Lucas,
It's this special sauce that concerns me. > I don't know how I'd objectively
measure that the MP-QUIC design and all
the implementation effort would actual result in improvement. For
instance, more bandwidth via aggregation can still be misused; some
types of streams will be more latency sensitive than others. Putting the
decision making into the transport library could also be seen as black box.

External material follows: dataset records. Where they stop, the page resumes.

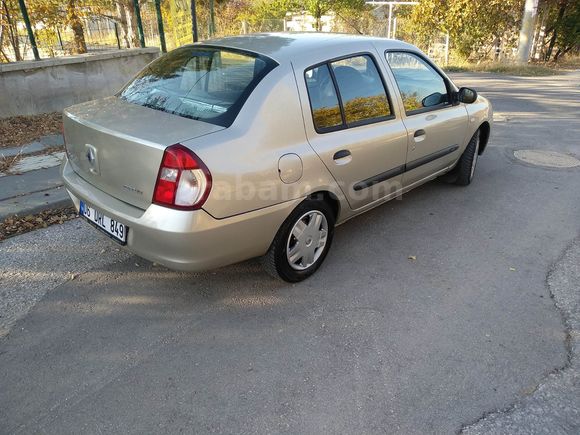 Memurdan temiz kullanılmış Symbol 1.5 dCi Orjinal 98.000 km 
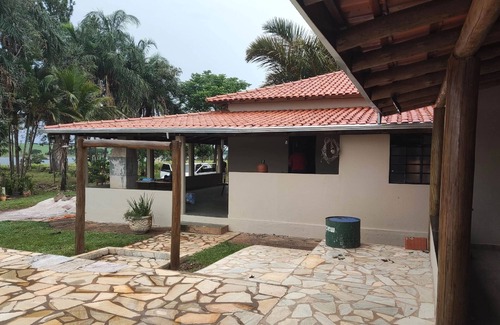 Delfinopolis Cottage | Country house by the dam and overlooking the mountains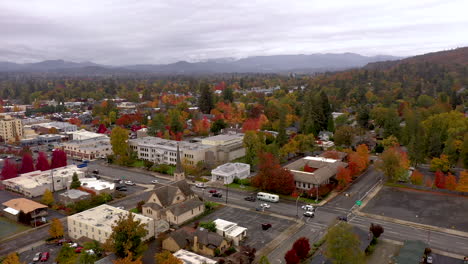 El-Ayuntamiento-Del-Palacio-De-Justicia-En-Grants-Pass-Oregon-Durante-Los-Colores-Del-Otoño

I would suggest that we start by considering MPQUIC as a blackbox as we
did with MPTCP. This worked well and getting the multipath mechanisms
will be easy.
I also want to draw some parallels between uniflows and the HTTP/2
priority tree. The tree was a fully expressive model that allowed a
client to hint to the server about the relationship between streams. The
problem of actioning this signal was left up to the server. Deployment
experience reveals that getting this well-tuned, just for a single TCP
connection, is hard. Some implementers just never got around to fixing
some serious and easily detectable performance problems.

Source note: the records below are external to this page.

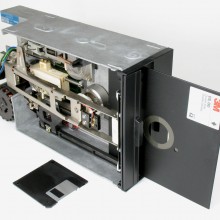 Disquette de 8" comparado con uno actual de 3½"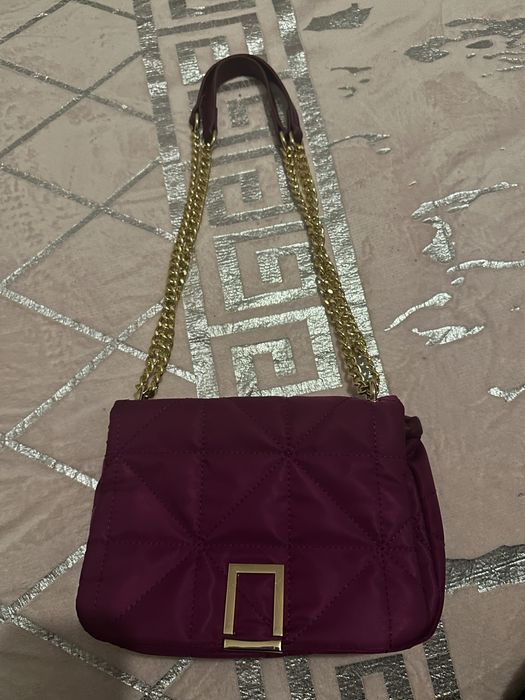 Bolsas novas e lindas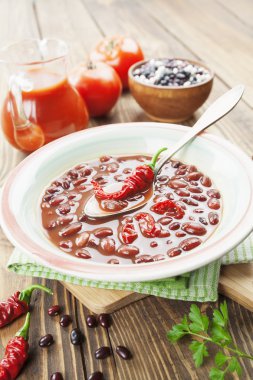 Acılı çorba, Kuru fasulye ve yeşillik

Presenting a bunch of uniflows to a sever and leaving it responsible for
using them properly seems to me quite a similar problem.
That's a policy decision and policy can be very complex. In MPTCP, we
have very limited support for policies:
- clients use a path manager to decide when they create subflows
- servers basically never create subflows (due to NATs and firewalls)
- clients and servers can use the backup bit to indicate that a subflow
should only be used if all the non-backup subflows failed or have problems
We discussed multiple times how to exchange policies over MPTCP. It
turned out that this was very difficult given the middleboxes. In the
end, MPTCP does not support the exchange of policies and the current
deployments embed the policies on the hosts that use MPTCP with a
specific path manager. This works well enough.
For MPQUIC, the situation could be different as there will be no direct
inteference from middleboxes that modify options. We could exchange
information such as the priority of a flow, mapping streams to flows,
rtt preference, capping flows, ... My fear is that if we open this, the
discussion could never stop and result in something similar that is too
complex to implement. I would suggest to focus initially on very simple
policies that are implemented locally (i.e. the application that uses
QUIC would control when and how to advertise addresses and when and how
to create flows, QUIC implementations could include different packet
schedulers) and discuss the possibility of exchanging this policy
information for a revision of MPQUIC.